Foreign invaders often get inside our bodies by breaching mucosal surfaces such as the soft tissues in the nose, mouth, or intestine. But most vaccines in use today are administered by injection.
Ifor Williams, a pathologist at Emory University School of Medicine, thinks M cells, a type of cell found in the intestines, may be a key to effective mucosal vaccines.
For an orally delivered vaccine to stimulate the immune system properly, enough of it has to cross the barriers posed by mucosal surfaces, Williams says.
M cells act like “conveyor belts” transporting small particles across the barriers and into Peyer’s patches, which resemble lymph nodes but are specialized for the intestines.
Effective oral vaccines such as polio vaccine come from pathogens that preferentially stick to M cells and exploit them to invade mucosal tissues in the intestine.
“As bacteria and food come through the intestine, M cells divert a bit of that stream,” he says. “It’s how the immune system keeps track of what’s out there.”
Working with Williams, graduate student Kathryn Knoop discovered that a protein made by the body called RANKL is essential for the proper development of M cells. The results were recently published by the Journal of Immunology.
Mice lacking the gene for RANKL have more than 50 times fewer M cells in their intestines, the authors found. The intestines in these mice also have trouble taking up fluorescent beads that are a stand-in for bacteria.
By injecting mice with artificial RANKL, the scientists could correct the defect. In addition, regular mice treated with RANKL had more M cells throughout their intestines. Usually M cells are found next to Peyer’s patches.

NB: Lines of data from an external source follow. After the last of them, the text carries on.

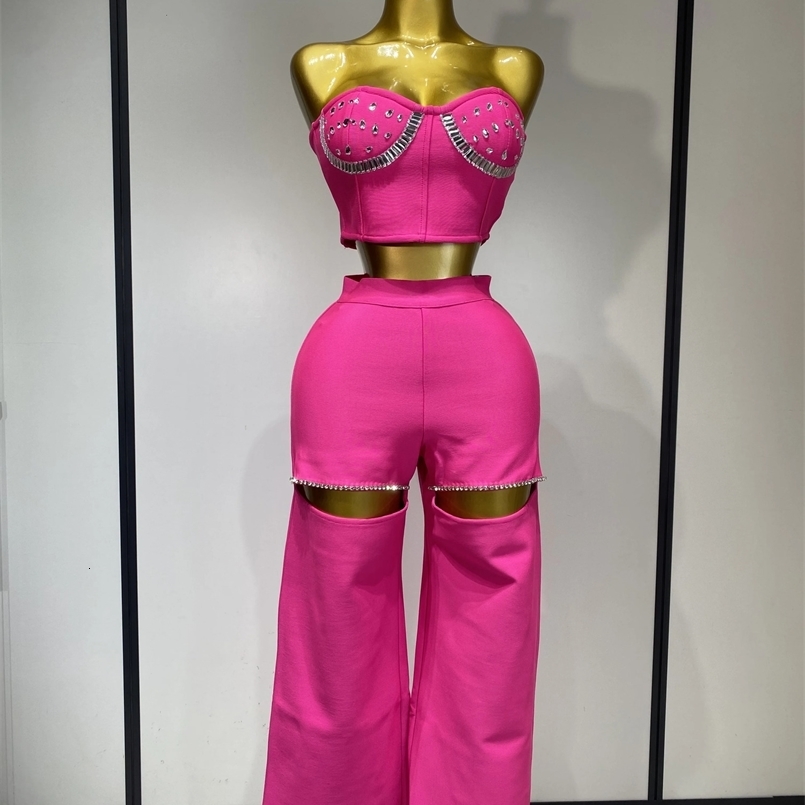 Women Sexy Strapless Top Cut Out Bodycon Two Pieces Bandage Pants Celebrity Fashion Women Diamond Birthday Set 250322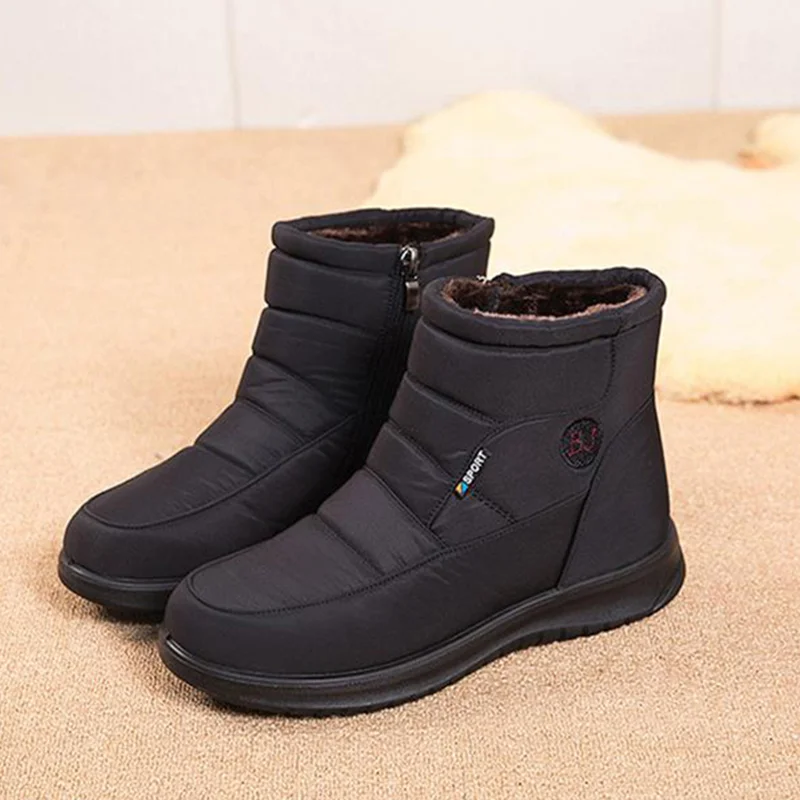 

Snow Women Boots Flat Ladies Shoes zipper Platform Shoes Woman Fur Ankle Boots Waterproof Soft Botas Mujer Winter Woman Boots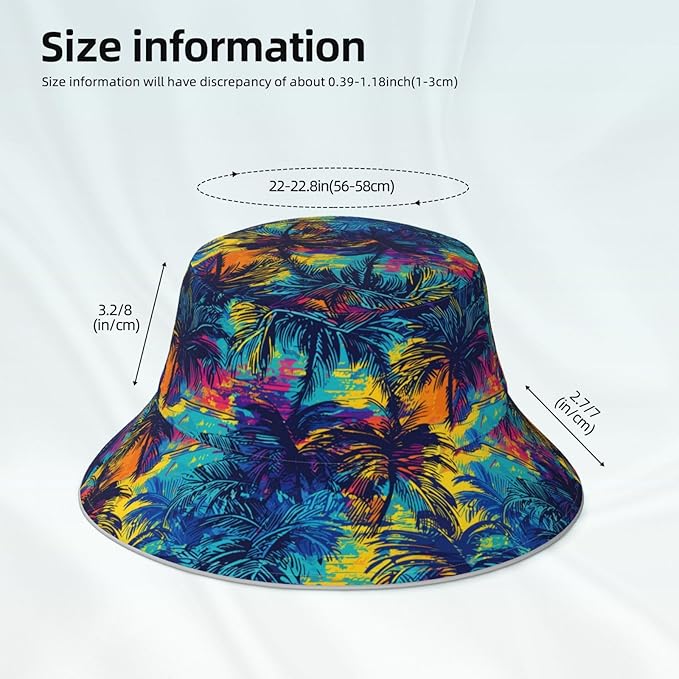 Bucket Hat Beach Summer Sun Hat Reversible Fisherman Hats Double Sided Wearing for Women Men Boys Girls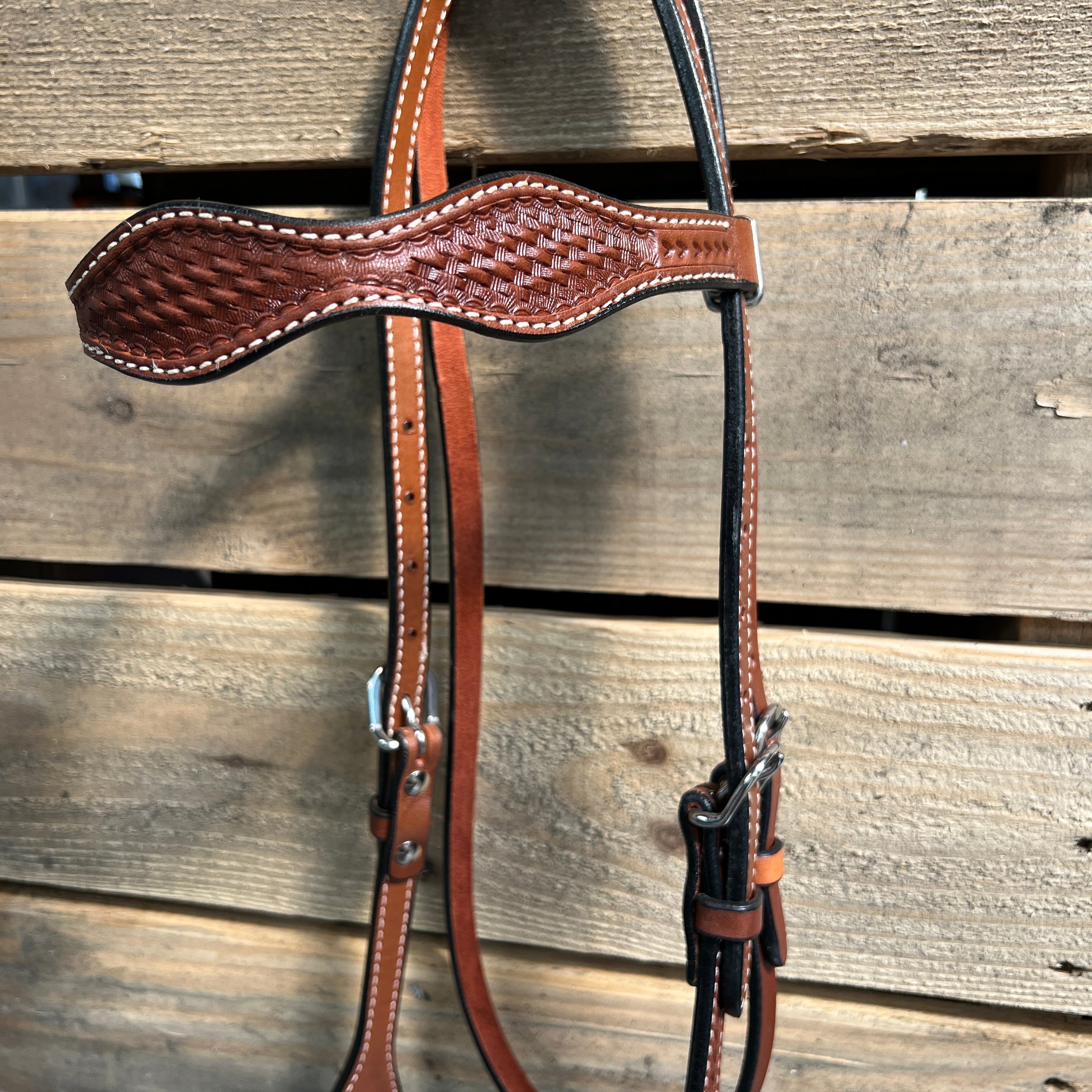 Medium Oil Basketweave Black Loping Hackamore #LHK009 — view 3
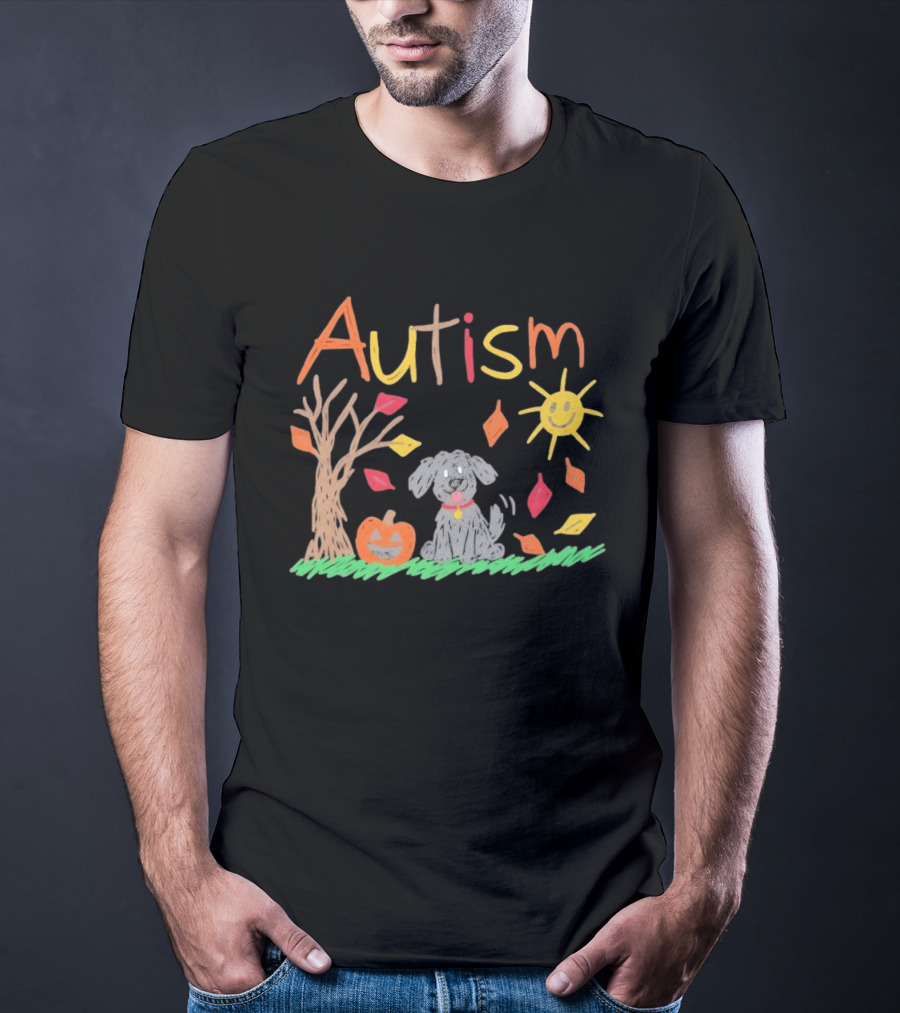 Autism Awareness Fall Puppy Pumpkin Autumn Leaves Sun Drawing T-Shirt
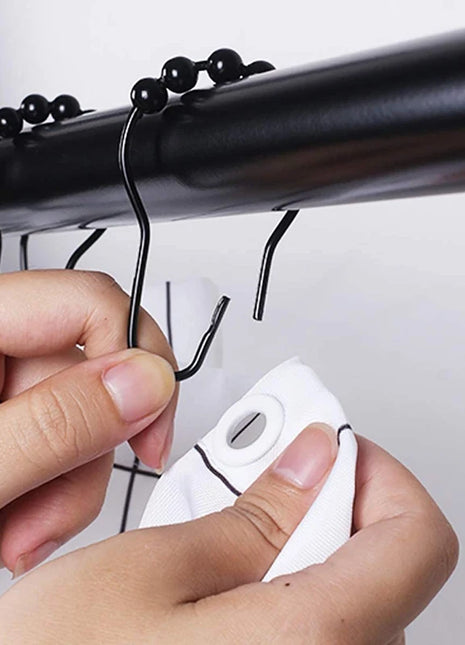 Ganci a sfera in ottone per tende da doccia (12 pezzi)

The Emory team has earned a Grand Challenges Explorations grant from the Bill and Melinda Gates Foundation to test their ideas. Williams says the Gates grant will allow his laboratory to test whether RANKL treatment can boost the immune response to oral vaccines in mice. Also, he plans to examine how RANKL treatment affects the mucosal surface inside the nose.
“We’re still trying to figure out if it works for other mucosal surfaces like those in the nose,” he says.
RANKL is also important for bone development and breast milk production. That means prolonged RANKL treatment throughout the body might have unwanted effects on bone density in humans, Williams says.
However, a temporary dose delivered through the nose could minimize those effects, and there may be more selective ways to stimulate development of M cells via the RANKL pathway, he says.
The current research was supported by the National Institutes of Health and the Crohn’s and Colitis Foundation of America.